Work item » Leave the pictures out and quote only the lines from the one with "Women's King's Camo" down to the end of the listing below.

Stored data »

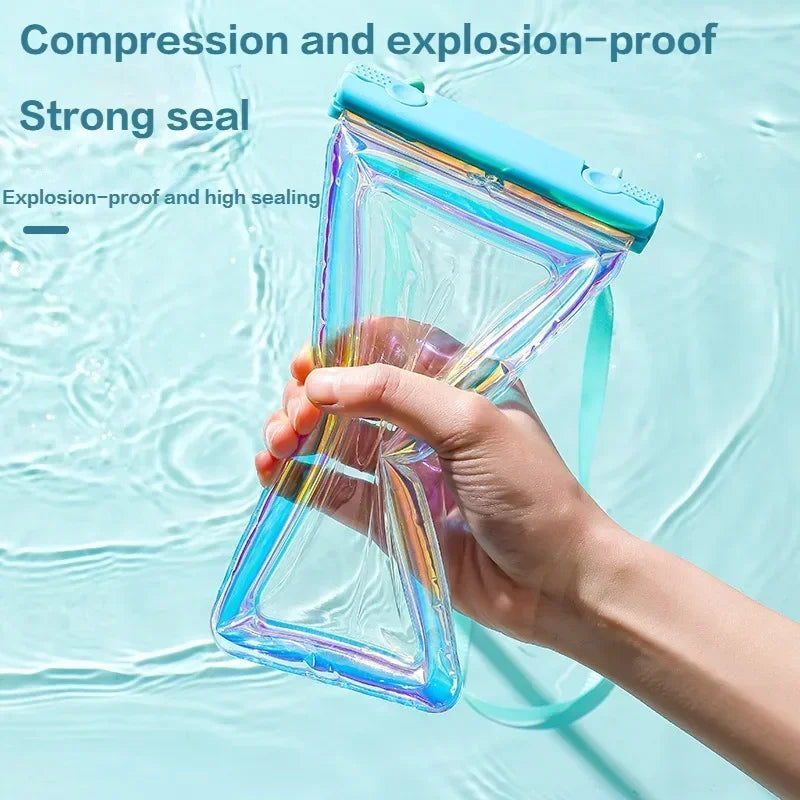 1/5PCS Mobile Phone Waterproof Bag With Touch Screen, Swimming Specific Water Park, Drifting Laser Phone Storage Bag, Phone Case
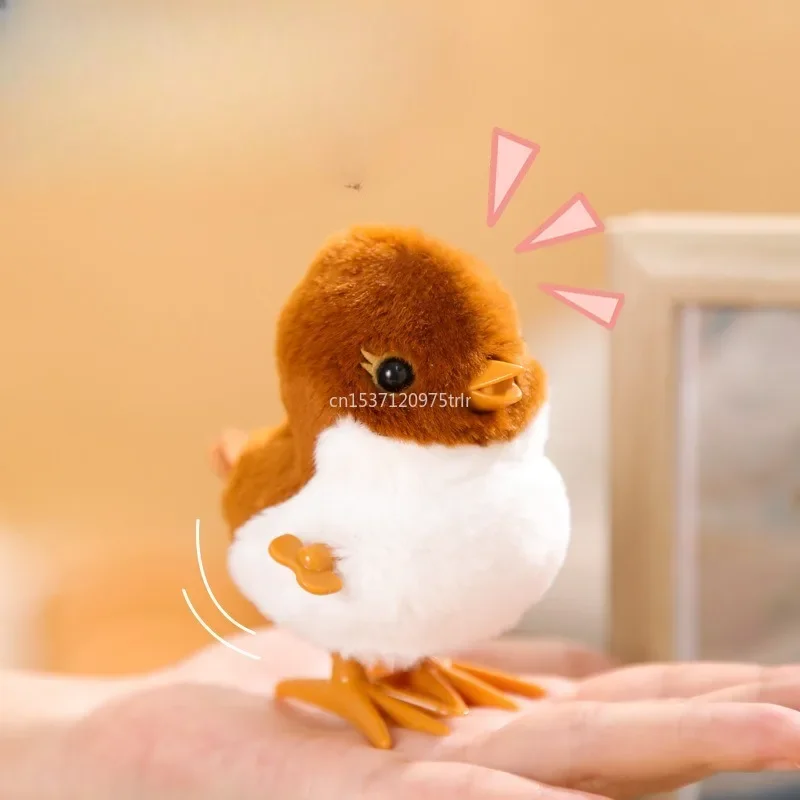 1pcs New Cute Wind Up Chick Plush Animals Toy Kids Boy Girl Stuffed Animals Chick Clockwork Walking Toys Children Gifts Toys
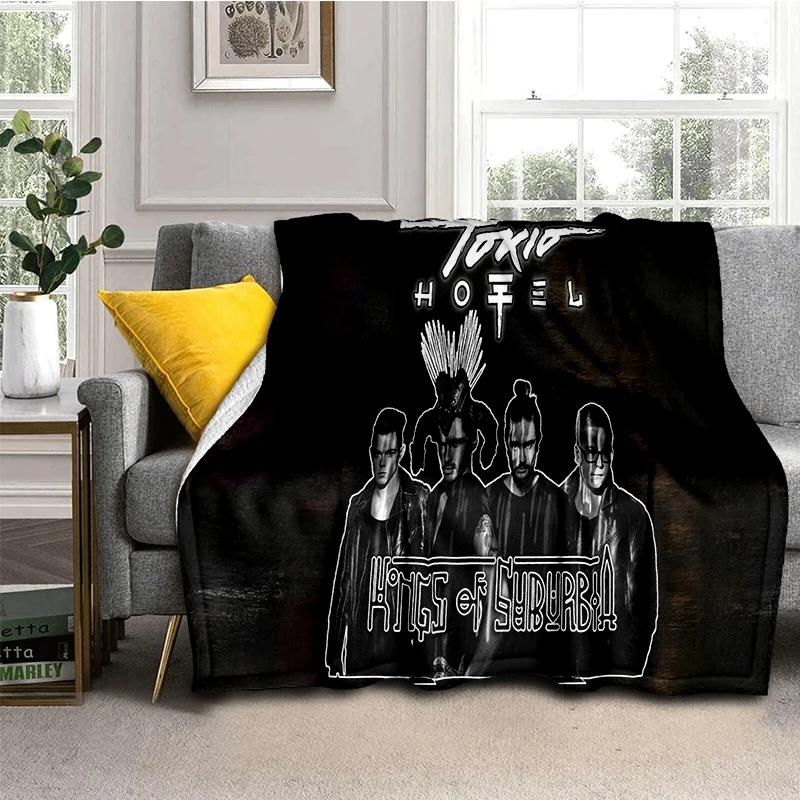 Bill Tom Kaulitz Tokio Hotel Rock Band 2025 New Style Blanket,Soft Throw Blanket for Home Bedroom Bed Sofa Cover Kids Gift Cover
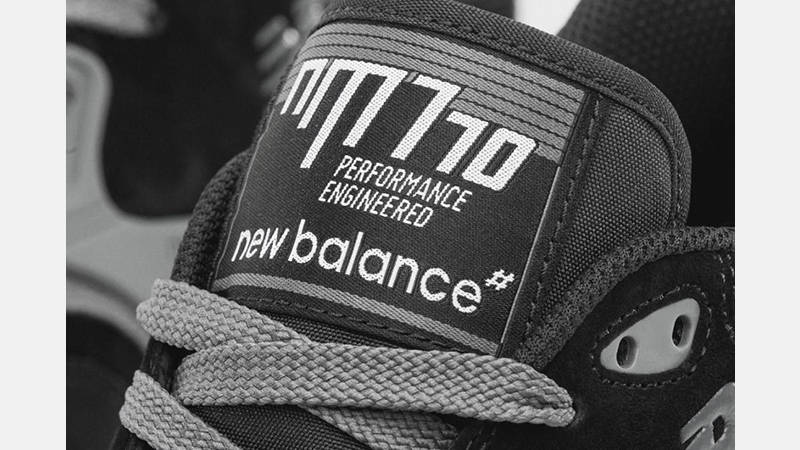 New Balance Numeric 770 Black Grey tongue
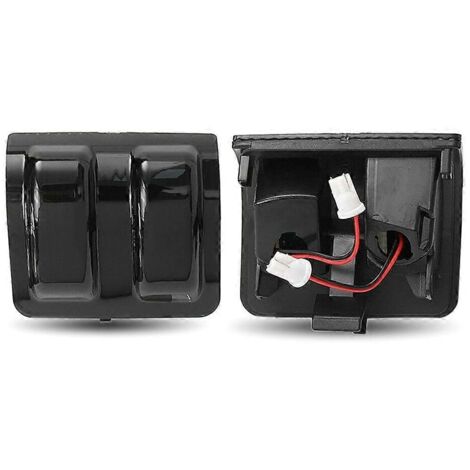 1 Paire de Feux de Position Séquentiels Ambre Blanc, Clignotants Latéraux pour Voiture, Feux de Course à LED, Signalisation Automobile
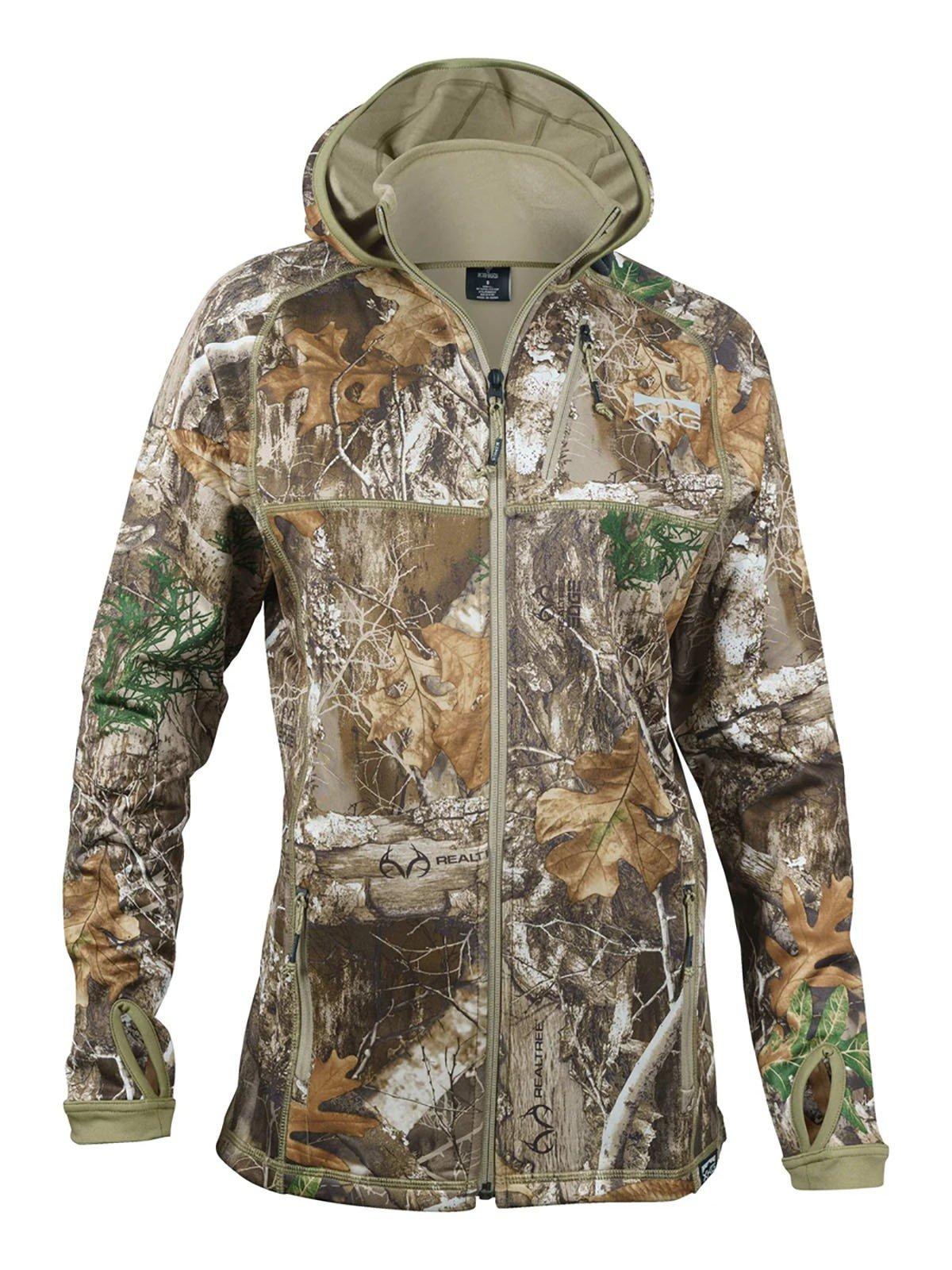Women's King's Camo Womens XKG Pinnacle Full Zip Hooded Softshell Jacket - King's Camo
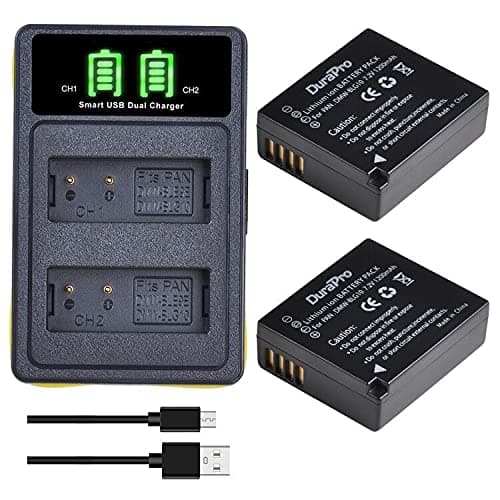 Image of DuraPro 2Pcs DMW-BLE9 DMW-BLE9E DMW-BLG10 DMW-BLG10E Battery + Dual USB Charger for Panasonic Lumix DC LX100 II GX9 TZ200 TZ95 TZ90 DMW TZ100 TZ80 GF6 GX7 GX80 LX100 S6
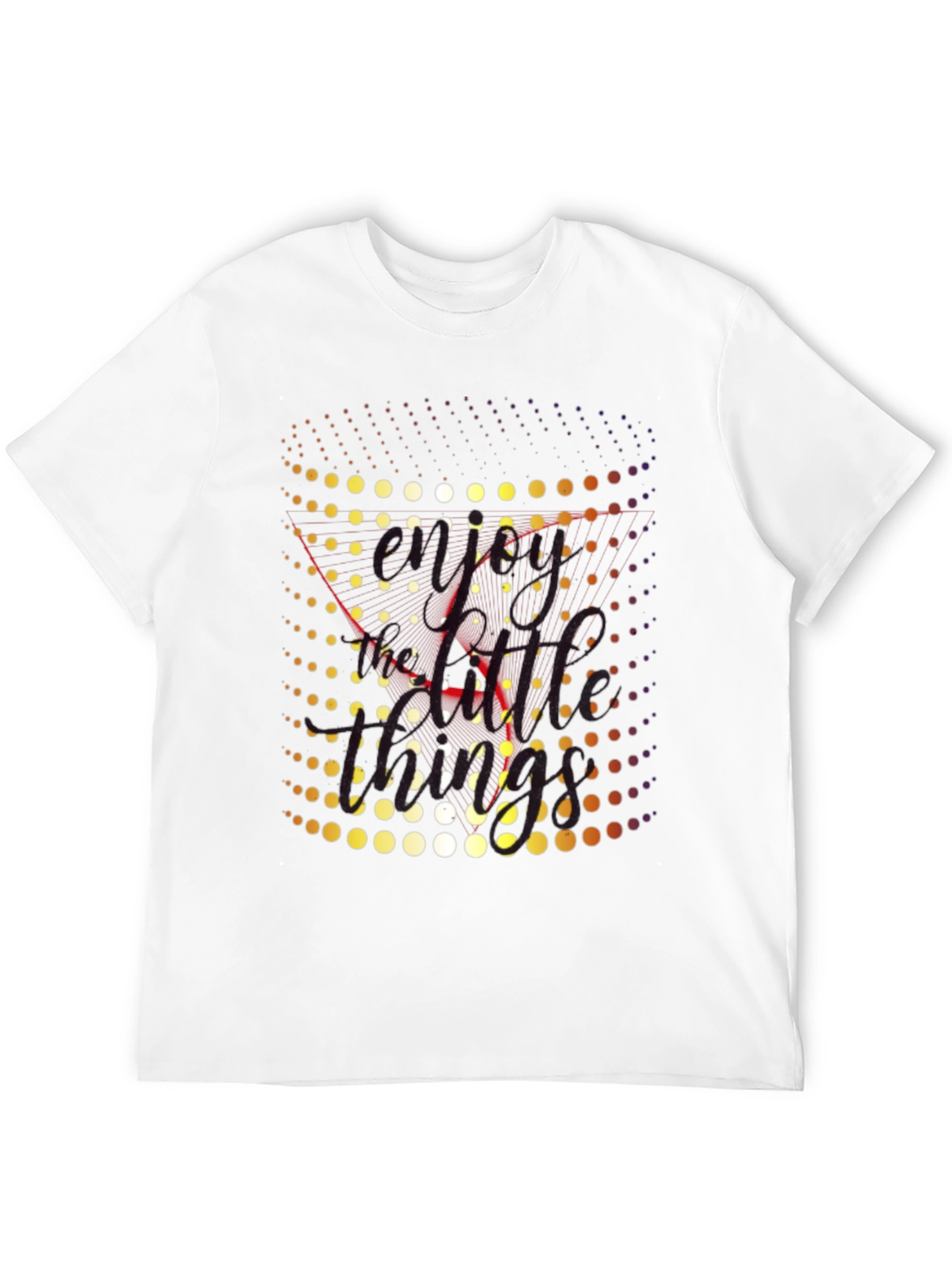 Retro Dot Matrix Graphic Tee - Black Crewneck T-Shirt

Output for this task »
Women's King's Camo Womens XKG Pinnacle Full Zip Hooded Softshell Jacket - King's Camo
 Image of DuraPro 2Pcs DMW-BLE9 DMW-BLE9E DMW-BLG10 DMW-BLG10E Battery + Dual USB Charger for Panasonic Lumix DC LX100 II GX9 TZ200 TZ95 TZ90 DMW TZ100 TZ80 GF6 GX7 GX80 LX100 S6
 Retro Dot Matrix Graphic Tee - Black Crewneck T-Shirt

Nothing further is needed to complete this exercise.